▶ Task statement:
Here the job is to copy the data exactly and to exclude every image from it.

▶ Data segment:
————
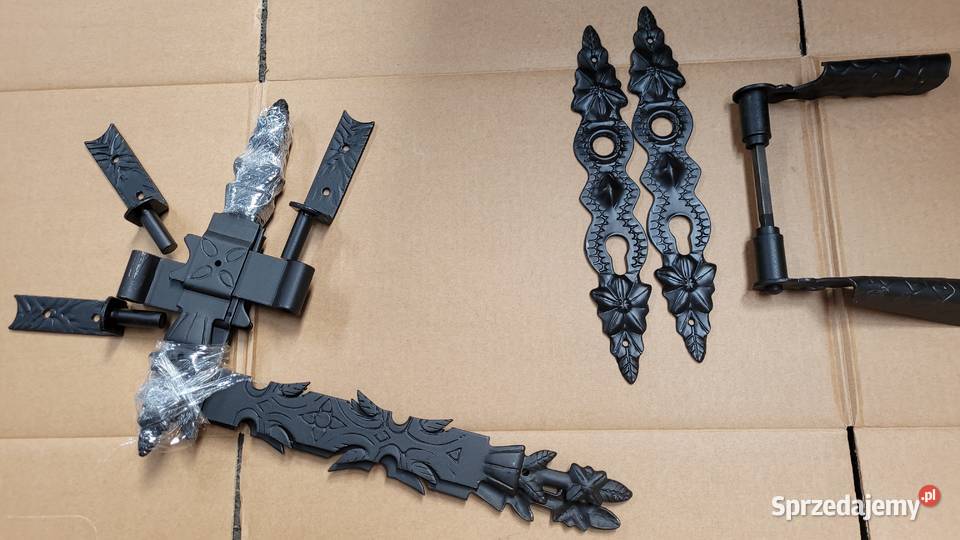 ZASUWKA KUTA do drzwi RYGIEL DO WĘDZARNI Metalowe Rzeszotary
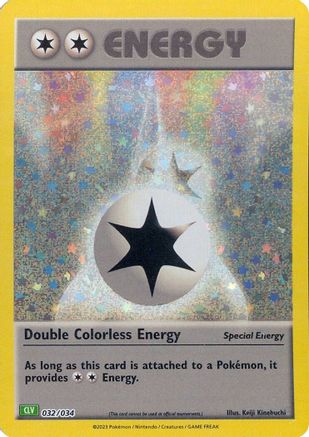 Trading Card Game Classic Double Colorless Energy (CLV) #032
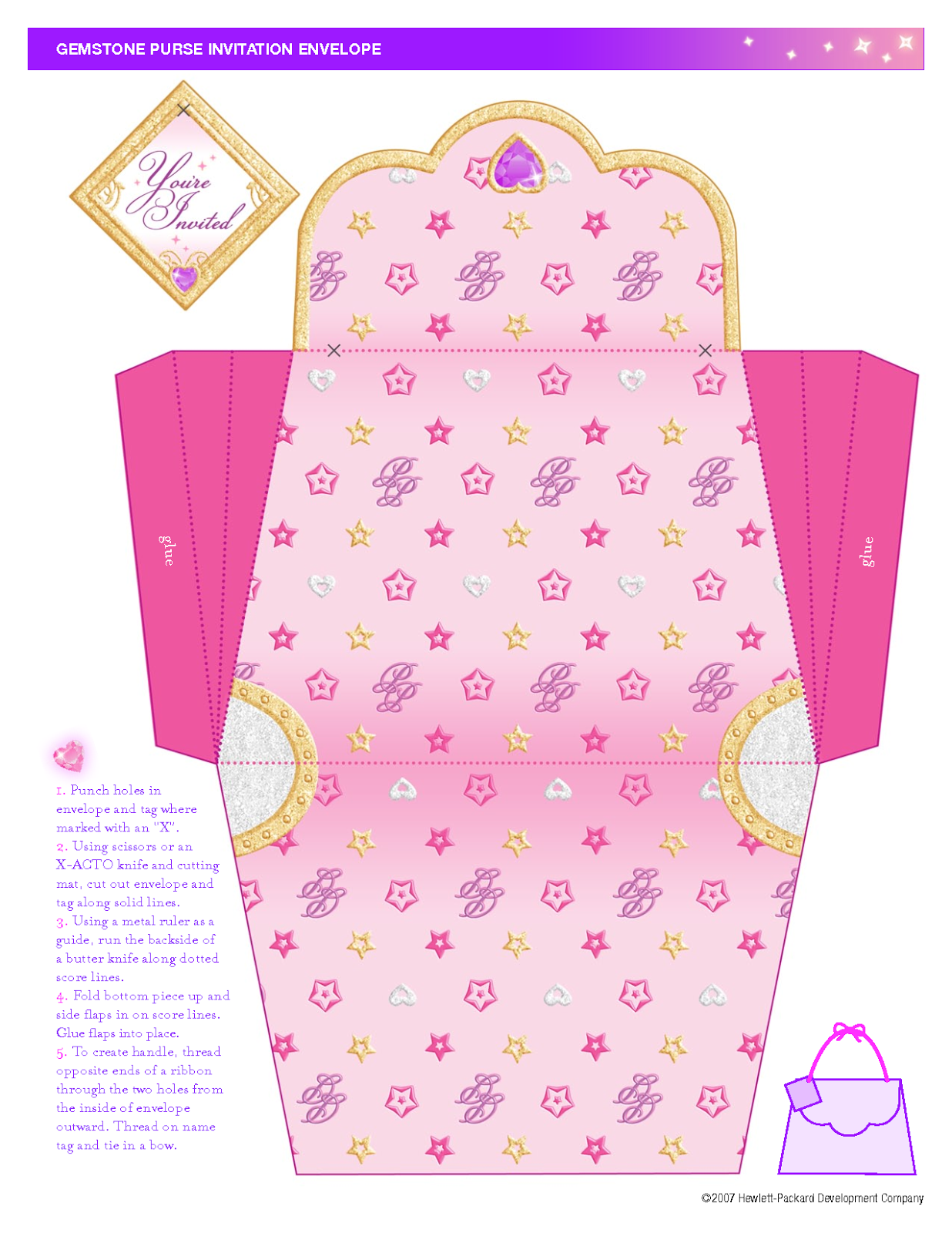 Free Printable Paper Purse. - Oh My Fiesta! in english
————
▶ Solution to this problem:
 ZASUWKA KUTA do drzwi RYGIEL DO WĘDZARNI Metalowe Rzeszotary
 Trading Card Game Classic Double Colorless Energy (CLV) #032
 Free Printable Paper Purse. - Oh My Fiesta! in english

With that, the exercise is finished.